**What to produce:** Every entry that follows should be output again, word for word.

**Stored records:**

=======

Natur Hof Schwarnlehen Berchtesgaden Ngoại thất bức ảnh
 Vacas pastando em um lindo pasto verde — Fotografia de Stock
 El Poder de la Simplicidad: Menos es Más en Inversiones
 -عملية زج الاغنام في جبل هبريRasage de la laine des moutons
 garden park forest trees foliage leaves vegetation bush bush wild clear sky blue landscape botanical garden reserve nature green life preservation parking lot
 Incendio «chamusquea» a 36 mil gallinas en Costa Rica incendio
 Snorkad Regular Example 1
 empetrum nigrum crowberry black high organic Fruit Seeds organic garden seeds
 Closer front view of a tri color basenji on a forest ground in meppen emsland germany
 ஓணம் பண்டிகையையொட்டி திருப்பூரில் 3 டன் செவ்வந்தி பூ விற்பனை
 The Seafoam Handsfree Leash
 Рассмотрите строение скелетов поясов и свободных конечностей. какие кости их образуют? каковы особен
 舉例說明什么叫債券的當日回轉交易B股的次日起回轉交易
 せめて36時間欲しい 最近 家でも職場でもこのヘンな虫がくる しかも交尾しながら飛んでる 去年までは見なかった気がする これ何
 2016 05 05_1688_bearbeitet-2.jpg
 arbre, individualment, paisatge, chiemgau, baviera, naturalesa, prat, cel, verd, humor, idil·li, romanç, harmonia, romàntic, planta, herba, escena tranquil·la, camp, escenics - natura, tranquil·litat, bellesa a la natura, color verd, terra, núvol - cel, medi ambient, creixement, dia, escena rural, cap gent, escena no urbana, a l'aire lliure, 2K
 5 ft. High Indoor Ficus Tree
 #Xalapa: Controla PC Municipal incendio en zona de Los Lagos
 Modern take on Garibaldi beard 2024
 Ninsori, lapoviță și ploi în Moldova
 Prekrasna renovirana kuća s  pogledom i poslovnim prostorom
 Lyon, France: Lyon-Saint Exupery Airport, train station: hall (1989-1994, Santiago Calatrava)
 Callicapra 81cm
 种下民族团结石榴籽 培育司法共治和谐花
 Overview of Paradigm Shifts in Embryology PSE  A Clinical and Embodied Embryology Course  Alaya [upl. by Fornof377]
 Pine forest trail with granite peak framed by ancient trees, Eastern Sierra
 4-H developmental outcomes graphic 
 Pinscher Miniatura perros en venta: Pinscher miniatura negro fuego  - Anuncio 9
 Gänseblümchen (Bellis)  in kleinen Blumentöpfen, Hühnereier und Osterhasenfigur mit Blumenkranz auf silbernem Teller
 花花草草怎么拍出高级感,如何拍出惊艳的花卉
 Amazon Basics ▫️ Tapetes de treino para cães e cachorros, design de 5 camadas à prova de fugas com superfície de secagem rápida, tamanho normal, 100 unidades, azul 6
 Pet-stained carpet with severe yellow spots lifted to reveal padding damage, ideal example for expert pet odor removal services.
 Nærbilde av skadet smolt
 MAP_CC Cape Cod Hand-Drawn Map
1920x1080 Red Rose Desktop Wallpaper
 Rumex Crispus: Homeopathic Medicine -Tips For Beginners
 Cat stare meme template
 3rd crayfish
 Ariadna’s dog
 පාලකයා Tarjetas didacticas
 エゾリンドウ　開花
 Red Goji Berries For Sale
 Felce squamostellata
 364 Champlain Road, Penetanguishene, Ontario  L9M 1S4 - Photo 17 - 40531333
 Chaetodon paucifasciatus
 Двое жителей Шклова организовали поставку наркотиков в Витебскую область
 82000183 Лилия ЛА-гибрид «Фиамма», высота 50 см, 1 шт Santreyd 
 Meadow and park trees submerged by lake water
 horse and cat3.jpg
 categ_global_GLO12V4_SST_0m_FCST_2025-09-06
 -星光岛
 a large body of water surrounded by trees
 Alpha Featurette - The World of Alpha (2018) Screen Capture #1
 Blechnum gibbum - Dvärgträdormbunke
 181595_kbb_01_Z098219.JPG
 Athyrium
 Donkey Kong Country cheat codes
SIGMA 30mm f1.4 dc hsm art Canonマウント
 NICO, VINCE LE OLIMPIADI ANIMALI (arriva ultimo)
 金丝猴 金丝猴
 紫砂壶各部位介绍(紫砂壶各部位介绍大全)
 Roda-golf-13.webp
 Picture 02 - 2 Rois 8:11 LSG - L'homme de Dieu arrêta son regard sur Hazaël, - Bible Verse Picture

=======

**Expected answer:**
Natur Hof Schwarnlehen Berchtesgaden Ngoại thất bức ảnh
 Vacas pastando em um lindo pasto verde — Fotografia de Stock
 El Poder de la Simplicidad: Menos es Más en Inversiones
 -عملية زج الاغنام في جبل هبريRasage de la laine des moutons
 garden park forest trees foliage leaves vegetation bush bush wild clear sky blue landscape botanical garden reserve nature green life preservation parking lot
 Incendio «chamusquea» a 36 mil gallinas en Costa Rica incendio
 Snorkad Regular Example 1
 empetrum nigrum crowberry black high organic Fruit Seeds organic garden seeds
 Closer front view of a tri color basenji on a forest ground in meppen emsland germany
 ஓணம் பண்டிகையையொட்டி திருப்பூரில் 3 டன் செவ்வந்தி பூ விற்பனை
 The Seafoam Handsfree Leash
 Рассмотрите строение скелетов поясов и свободных конечностей. какие кости их образуют? каковы особен
 舉例說明什么叫債券的當日回轉交易B股的次日起回轉交易
 せめて36時間欲しい 最近 家でも職場でもこのヘンな虫がくる しかも交尾しながら飛んでる 去年までは見なかった気がする これ何
 2016 05 05_1688_bearbeitet-2.jpg
 arbre, individualment, paisatge, chiemgau, baviera, naturalesa, prat, cel, verd, humor, idil·li, romanç, harmonia, romàntic, planta, herba, escena tranquil·la, camp, escenics - natura, tranquil·litat, bellesa a la natura, color verd, terra, núvol - cel, medi ambient, creixement, dia, escena rural, cap gent, escena no urbana, a l'aire lliure, 2K
 5 ft. High Indoor Ficus Tree
 #Xalapa: Controla PC Municipal incendio en zona de Los Lagos
 Modern take on Garibaldi beard 2024
 Ninsori, lapoviță și ploi în Moldova
 Prekrasna renovirana kuća s  pogledom i poslovnim prostorom
 Lyon, France: Lyon-Saint Exupery Airport, train station: hall (1989-1994, Santiago Calatrava)
 Callicapra 81cm
 种下民族团结石榴籽 培育司法共治和谐花
 Overview of Paradigm Shifts in Embryology PSE  A Clinical and Embodied Embryology Course  Alaya [upl. by Fornof377]
 Pine forest trail with granite peak framed by ancient trees, Eastern Sierra
 4-H developmental outcomes graphic 
 Pinscher Miniatura perros en venta: Pinscher miniatura negro fuego  - Anuncio 9
 Gänseblümchen (Bellis)  in kleinen Blumentöpfen, Hühnereier und Osterhasenfigur mit Blumenkranz auf silbernem Teller
 花花草草怎么拍出高级感,如何拍出惊艳的花卉
 Amazon Basics ▫️ Tapetes de treino para cães e cachorros, design de 5 camadas à prova de fugas com superfície de secagem rápida, tamanho normal, 100 unidades, azul 6
 Pet-stained carpet with severe yellow spots lifted to reveal padding damage, ideal example for expert pet odor removal services.
 Nærbilde av skadet smolt
 MAP_CC Cape Cod Hand-Drawn Map
1920x1080 Red Rose Desktop Wallpaper
 Rumex Crispus: Homeopathic Medicine -Tips For Beginners
 Cat stare meme template
 3rd crayfish
 Ariadna’s dog
 පාලකයා Tarjetas didacticas
 エゾリンドウ　開花
 Red Goji Berries For Sale
 Felce squamostellata
 364 Champlain Road, Penetanguishene, Ontario  L9M 1S4 - Photo 17 - 40531333
 Chaetodon paucifasciatus
 Двое жителей Шклова организовали поставку наркотиков в Витебскую область
 82000183 Лилия ЛА-гибрид «Фиамма», высота 50 см, 1 шт Santreyd 
 Meadow and park trees submerged by lake water
 horse and cat3.jpg
 categ_global_GLO12V4_SST_0m_FCST_2025-09-06
 -星光岛
 a large body of water surrounded by trees
 Alpha Featurette - The World of Alpha (2018) Screen Capture #1
 Blechnum gibbum - Dvärgträdormbunke
 181595_kbb_01_Z098219.JPG
 Athyrium
 Donkey Kong Country cheat codes
SIGMA 30mm f1.4 dc hsm art Canonマウント
 NICO, VINCE LE OLIMPIADI ANIMALI (arriva ultimo)
 金丝猴 金丝猴
 紫砂壶各部位介绍(紫砂壶各部位介绍大全)
 Roda-golf-13.webp
 Picture 02 - 2 Rois 8:11 LSG - L'homme de Dieu arrêta son regard sur Hazaël, - Bible Verse Picture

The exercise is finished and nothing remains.